Captioned web image data:

----

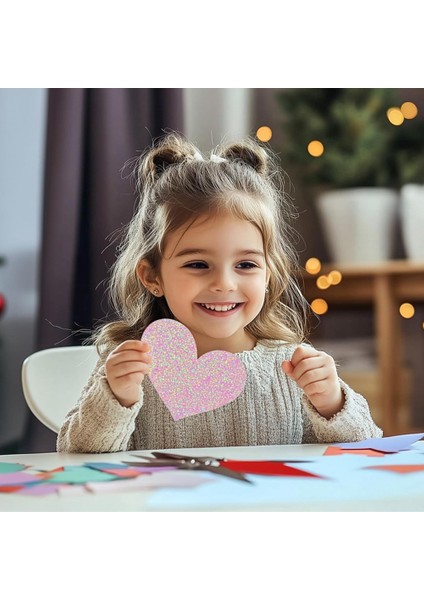 24 Yaprak Holografik Kart Stok 8,5X11 Inç, Parlak Yanardöner Aynalı Kağıt (Yurt Dışından) fırsatları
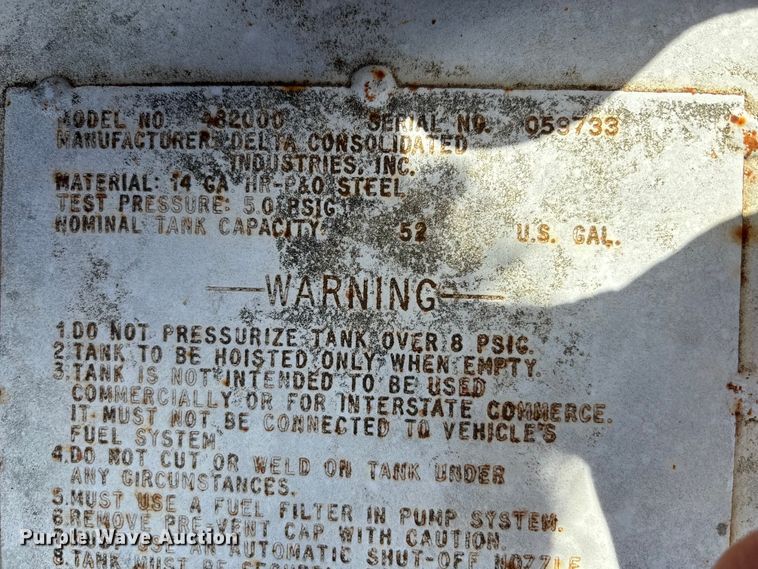 image for item EA4812 Shop built fuel tank trailer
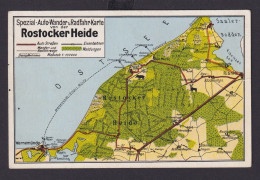 Ansichtskarte Rostocker Heide Mecklenburg Vorpommern Auto Wander Radfahr Karte - Sonstige & Ohne Zuordnung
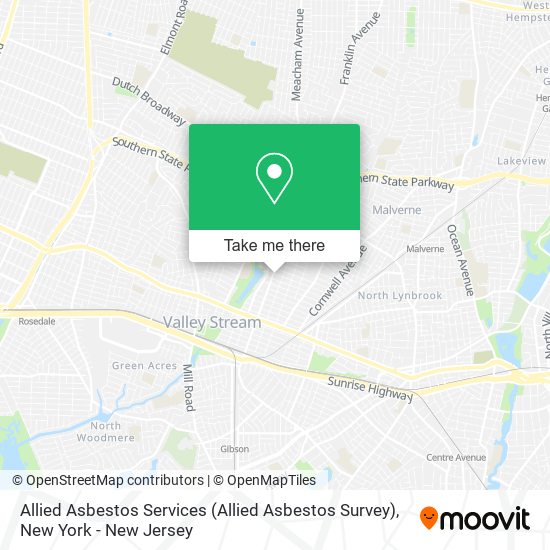 Mapa de Allied Asbestos Services (Allied Asbestos Survey)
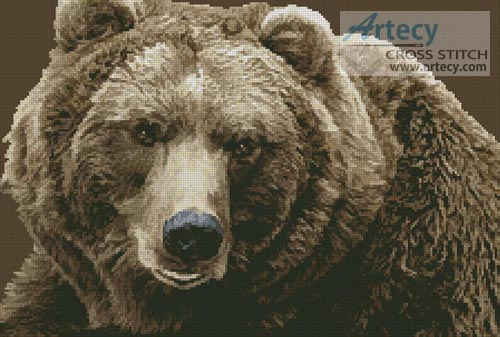 2031 Brown Bear - Cross Stitch Chart - Click Image to Close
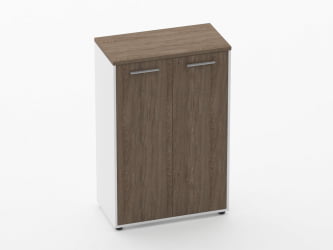 Шкаф 2 широкий закрытый Deka 10.12.131 Дуб Верцаска/Белый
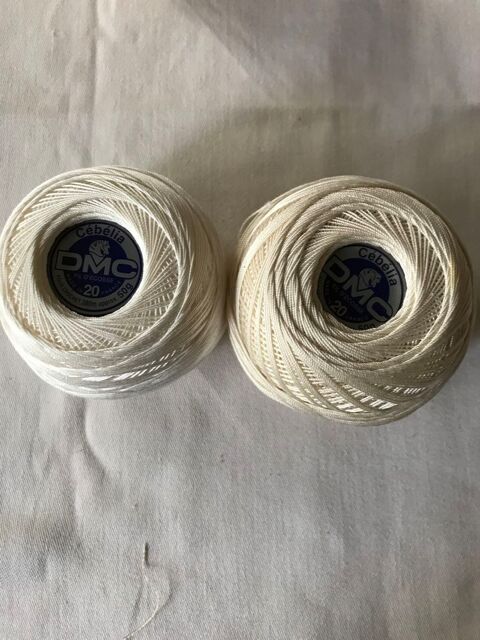 Fil d'�cosse 20 et 10 DMC 3 Vincennes (94)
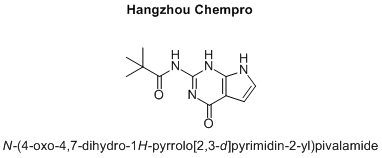 N-(4-oxo-4,7-dihydro-1H-pyrrolo[2,3-d]pyrimidin-2-yl)pivalamide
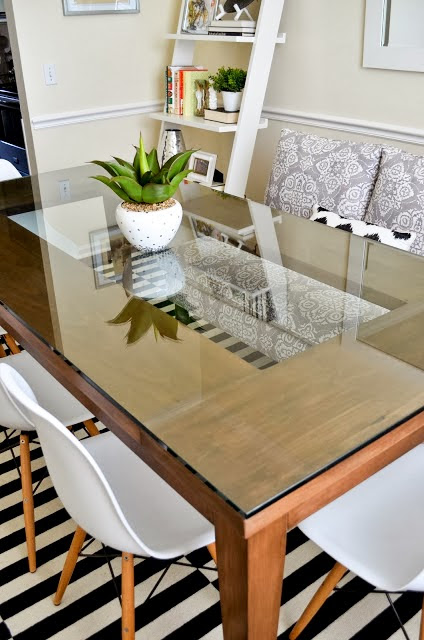 For example, we just found these beautiful diy tables and we're sure there are plenty more where these came for this project you need a table base. Diy Glasstop Dining Table Tutorial House Of Jade Interiors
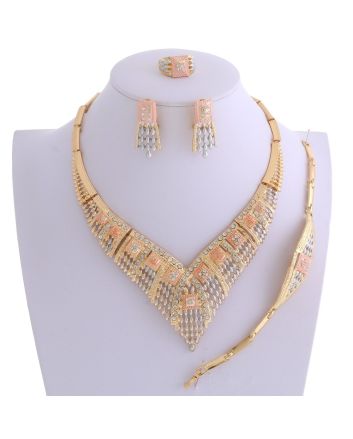 Gold Plated Necklace Set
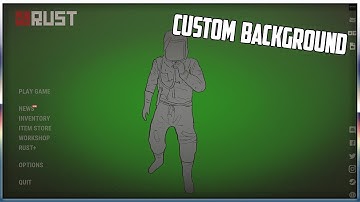How to Change the Rust Menu Screen to Anything #Shorts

----

» **REQUIRED ACTION**: Exactly and only the lines from the top of the records down to the line containing "2031 Brown Bear" should be transcribed, please, without the pictures.

» **WRITTEN RESPONSE**:
 24 Yaprak Holografik Kart Stok 8,5X11 Inç, Parlak Yanardöner Aynalı Kağıt (Yurt Dışından) fırsatları
 image for item EA4812 Shop built fuel tank trailer
 Ansichtskarte Rostocker Heide Mecklenburg Vorpommern Auto Wander Radfahr Karte - Sonstige & Ohne Zuordnung
 Mapa de Allied Asbestos Services (Allied Asbestos Survey)
 2031 Brown Bear - Cross Stitch Chart - Click Image to Close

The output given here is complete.